I'm struggling with how to show that

$$ \int_1^\infty \frac{x \sin x}{\sqrt{1+x^5}}dx $$ either diverges or converges.

If we call the integrand $f(x)$ then $$ f(x)\leq g(x)=\frac{x}{\sqrt{1+x^5}}\forall x\in[1, \infty) $$ so I tried to show that $g(x)$ converges (and hence that $f(x)$ must converge), but with no luck. Another idea I had was to show that

$$ h(x)=\frac{\sin x}{\sqrt{1+x^5}} $$ diverges, which would mean that $f(x)$ diverges too since

$$ h(x)\leq f(x)\forall x\in[1, \infty) $$ but I got nowhere.

I also tried to use some partial integration and get two expressions rather than one, but that didn't help.
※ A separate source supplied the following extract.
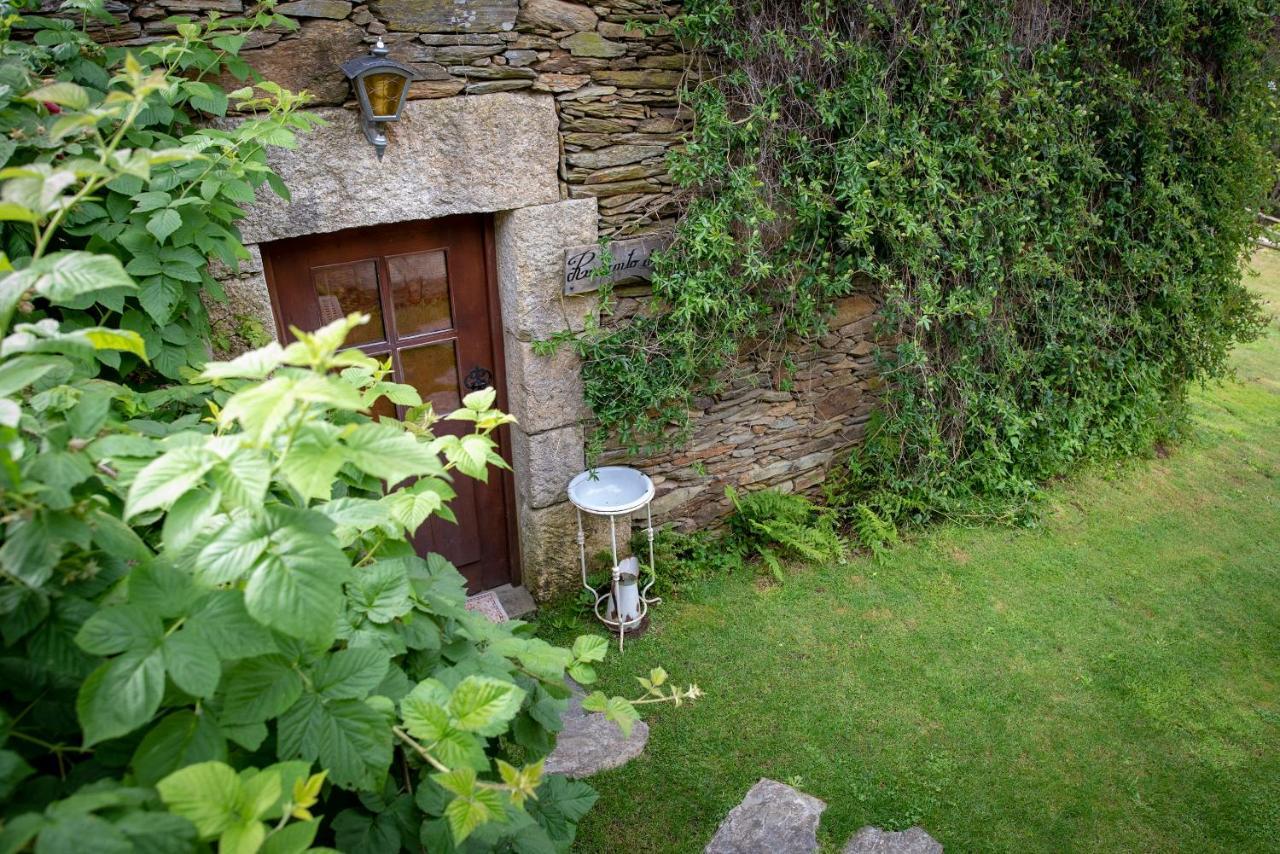 Quinta Da Rabacosa - Turismo Rural Castro Daire Eksteriør bilde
Can I get some hints? Please note that it's homework so no solutions, thanks!

Answer 1

Note that your integrand is not positive, so you have to use absolute values. For the estimate, you have to get rid of the $1$.

Answer 2

It is (absolutely) convergent by the comparison test since $\int_1^\infty|\frac{x\sin x}{\sqrt{1+x^5}}|dx\leq \int_1^\infty\frac{1}{x^{3/2}}dx$ (convergent by $p$ test since $p=3/2>1$.